Kolfage told DailyMail.com that this build has been approved by Trump and the Department of Homeland Security (DHS).

'We're talking with DHS and trying to get permission to build inside the Roosevelt Easement, and if that works out, we could build the entire wall from New Mexico to California with private donations,' he said.

Kolfage said Kobach is handling all discussions with DHS. Below you can see the view from the Mexican side of the border, and just how close and open it is. The wall went up and it went up fast. The organization says the wall they are using is similar in design to what the government is using but it is better quality and will last longer; but they can do cheaper. The group has no plans to bid on any government contracts for construction, and prefers to stay private using private funds to supplement Donald Trump's plan.

Workers build a border fence in a private property located in the limits of the US States of Texas and New Mexico taken from Ciudad Juarez, Chihuahua state, Mexico on May 26, 2019. (Photo by HERIKA MARTÍNEZ / AFP) (Photo credit should read HERIKA MARTINEZ/AFP/Getty Images)
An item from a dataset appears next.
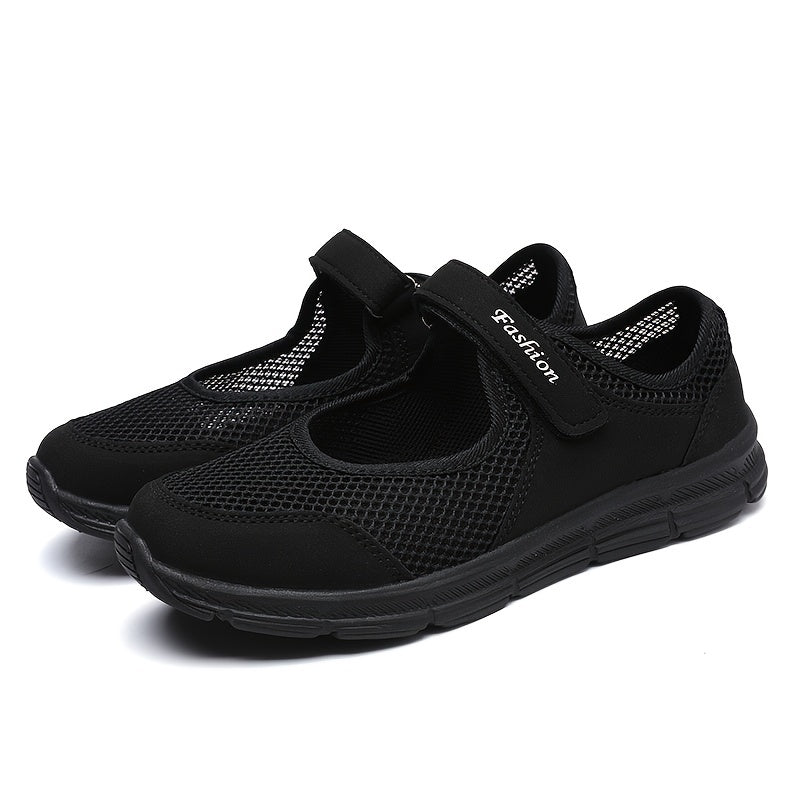 Women's Breathable Walking Shoes Hook & Loop Backless Flat Shoes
News of the first project also gives Kolfage and other leaders of the group relief from reports earlier in May that questioned why construction had not yet begun. Kolfage had long maintained organizers had to keep details of the project quiet to protect the safety of the landowners involved.

The founder of the group pushed back against the “haters” in a Monday Twitter post: “All the haters said it was impossible!! Bahaha where ya at now?”
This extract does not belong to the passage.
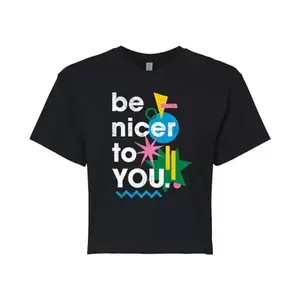 Укороченная футболка Juniors «Будь добрее к себе» Licensed Character, черный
What's Next For We Build the Wall, Inc.?

Now, that the nay-Sayers have been proven wrong, the group that already raised over $22 million in mostly small private donations, is likely to see a resurgence in private funding. But, their revelation is also likely to be a double-edge sword that will bring additional scrutiny from those on the left who seek to oppose them and their efforts to reduce illegal immigration, human trafficking, and drug smuggling along the Southern border.
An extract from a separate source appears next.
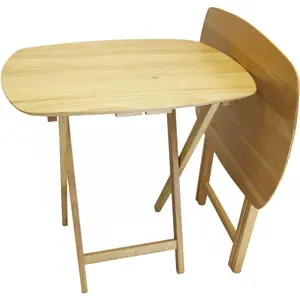 Oversized Hardwood Folding TV Tray Tables for Eating, 25.5 Inches, Natural, Set of 2 Portable solid wood folding table dining table home simple small table for eating stall square table round table rental study table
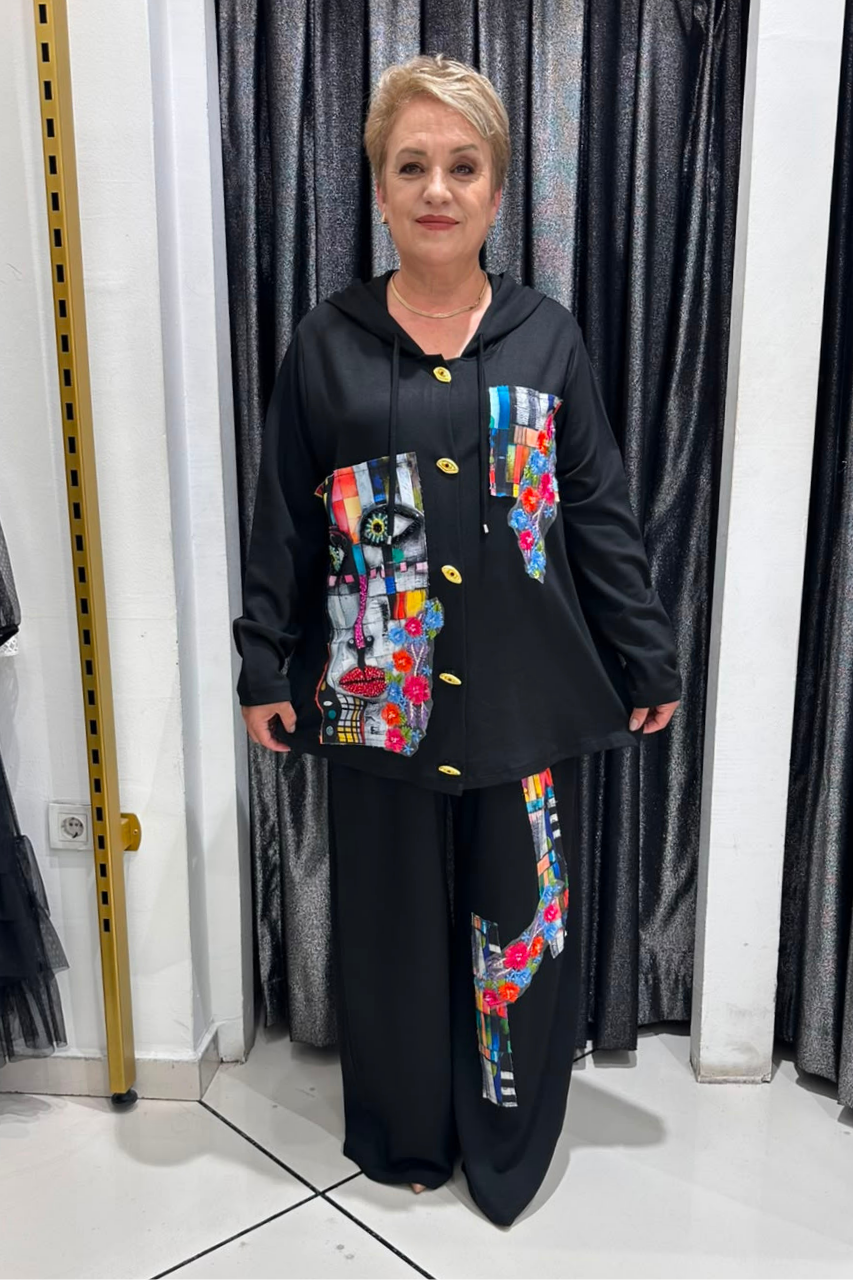 Selma Büyük Beden Patch Detaylı Renkli Desenli Takım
"We'll keep on building as long as people keep chipping in. The average contribution has been only $67 but so many people have chipped in," Kobach told Fox News.

All of this comes just after a federal judge has blocked President Trump from building key sections of the border wall with money he secured from his National Emergency declaration, at least temporarily.

U.S. District Judge Haywood Gilliam Jr.'s order, issued Friday, prevents work from beginning on two of the highest-priority, Pentagon-funded wall projects — one spanning 46 miles in New Mexico and another covering 5 miles in Yuma, Arizona, according to Fox News.

President Trump fired back from Japan vowing to request and expedited hearing to correct the incompetent ruling. As with nearly every decision that the President has made, the left has challenged this in court, and will likely have to go all the way up the chain as the others before.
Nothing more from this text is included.